141 • The Holy Trinity of Music

The Holy Trinity of Music: Rhythm, Harmony, and Melody.

Rhythm is like organized space, architecture in time - a matrix that is warped and sectioned by the gravity of larger entities which attract smaller ones; in the same way there is a pull towards the larger, more important note, often the first beat; smaller notes belong to and move towards the bigger note. Rhythm is also an organic cycle that has properties of inevitability in continuity. While tempo is speed, rhythm can for example be sharp or mellow and thus define and express the character of the music it gives foundation to. Rhythm is like the skeleton that gives the body shape.

Harmony is a force like gravity of a planet - a force demanding the return of a thrown or raised object back to the ground; the same way dissonant harmonies, having higher energy, need to be released, resolved into consonant ones. Dissonant chords, e.g. a dominant sevenths, like an acid or base, demand reaction until they are tonic. Harmony, independent of the different systems it serves, is also a force that emotionally stimulates the archetypes of our collective and individual memories and reality. It is like atmospheric pressure (dissonance) that needs to equalize (resolve), resulting in (harmonic) motion: wind (cadence). A chord can through color or spacing be happy, sad, mysterious, victorious, playful, sensual, odd, etc. - something to listen for*. Harmony is like the muscles covering the skeleton, giving movement, poise, strength, and expression to the body.

Melody is like aerodynamics above the surface of the planet - like air, it needs more energy to go up and releases energy when going down. Melody can also gather momentum as well as linger and soar in thermodynamics. Melody obeys natural dynamics: a raised voice is louder, a halved string needs double the bow movement, a smaller air column needs more air flow to vibrate. On the piano we have to recreate natural dynamics, as the piano has no such properties. Melody is like the skin, covering the contour given by the skeleton and the muscles, the first thing we encounter.

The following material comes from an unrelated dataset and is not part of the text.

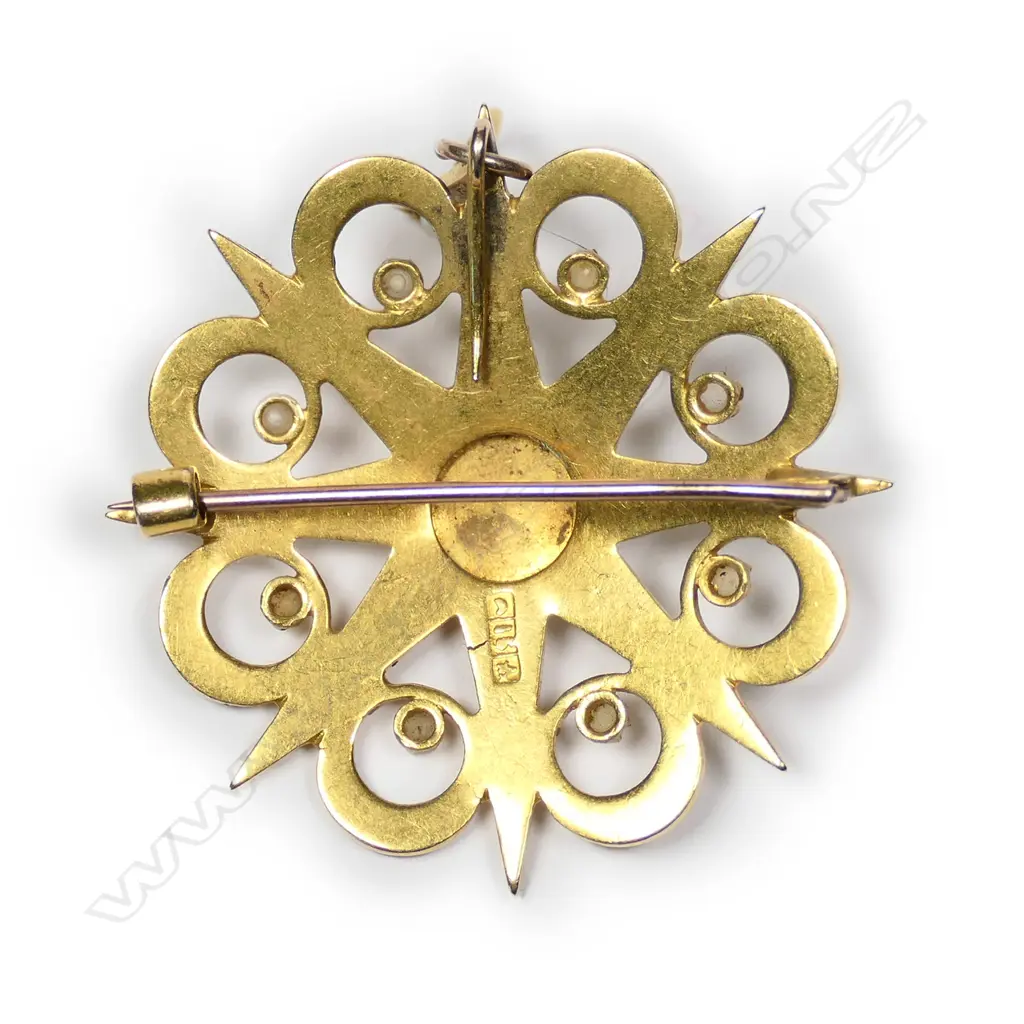 A good late Victorian 15ct yellow gold and seed pearl complex starburst pendant/brooch Image 1++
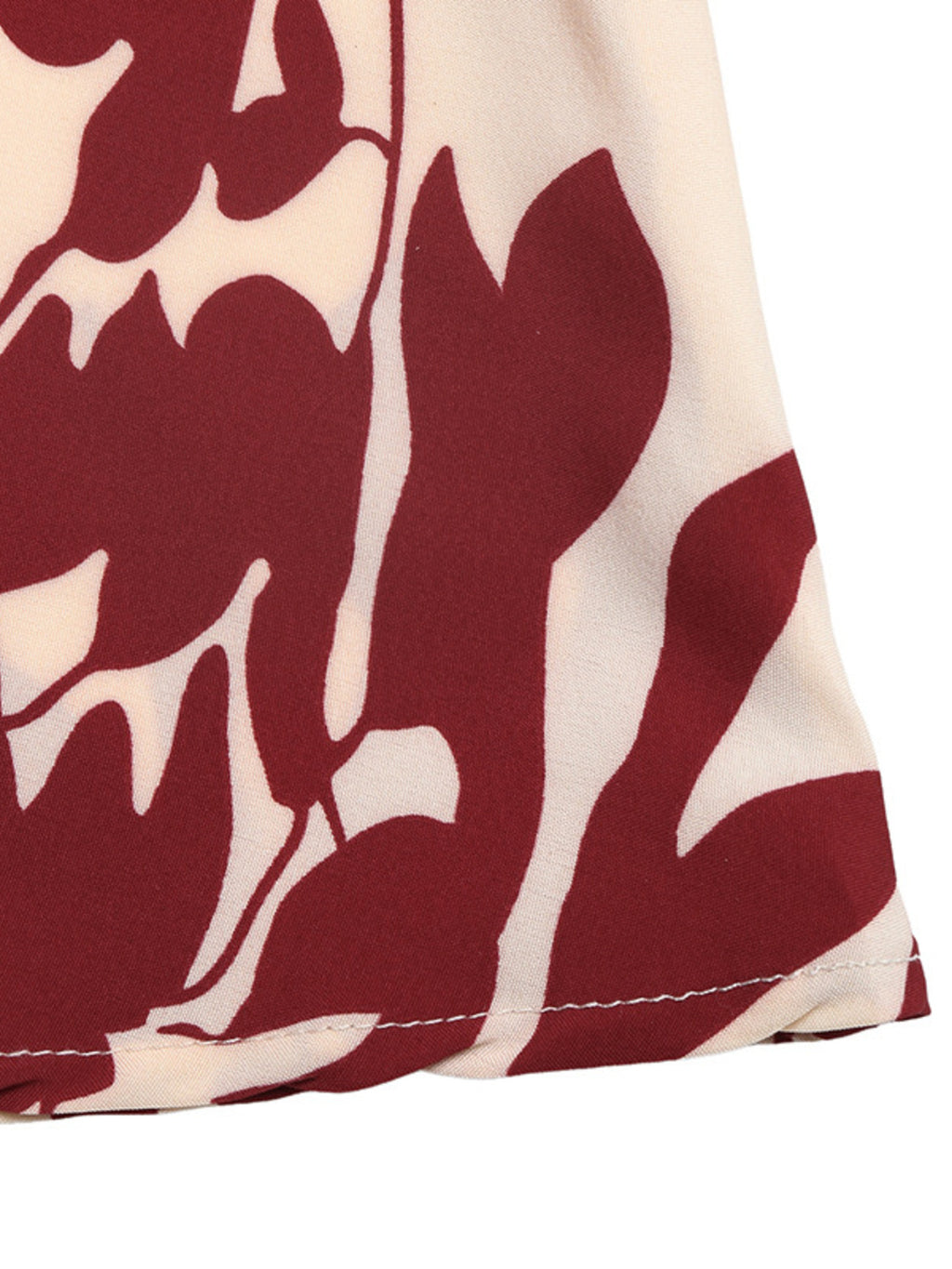 Deep V-Neck Spaghetti Strap Maxi Dress by Trendsi; beige fabric with bold red abstract print.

"Music creates order out of chaos: for rhythm imposes unanimity upon the divergent, melody imposes continuity upon the disjointed, and harmony imposes compatibility upon the incongruous."
Sir Yehudi Menuhin

*Something to listen for: Besides the three fundamental principles - The Holy Trinity of Music: Rhythm, Harmony, and Melody - there is one more component: Color.

This fourth element, noted by Aaron Copland (What to listen for in music) as tone color, or Timbre, is essential for composers concerned with instrumentalization and spacing of the registers. For us pianists it is a matter of proper balance; overtone proportions, the secret of golden sound.

The sound of one note on the modern (almost 150 years old!) grand piano has by itself little capacity of beauty or expression; the variability is solely of volume, not timbre, and therefore comparatively limited. But the sound of two notes can produce a myriad of different overtone combinations, resulting in a vast variety of sounds, and is capable of great aesthetic beauty and expression. And what mysterious potentialities lie in chords and inversions ... not to mention lines, phrases, cadences, and form.

Color on the piano is not an independent and fundamental principle such as rhythm, harmony, or melody, but rather a subcategory of harmony. Color, or timbre, depend on the way the individual interval or chord is orchestrated, or balanced on the piano, which gives it its own character within the system of a harmonic cadence.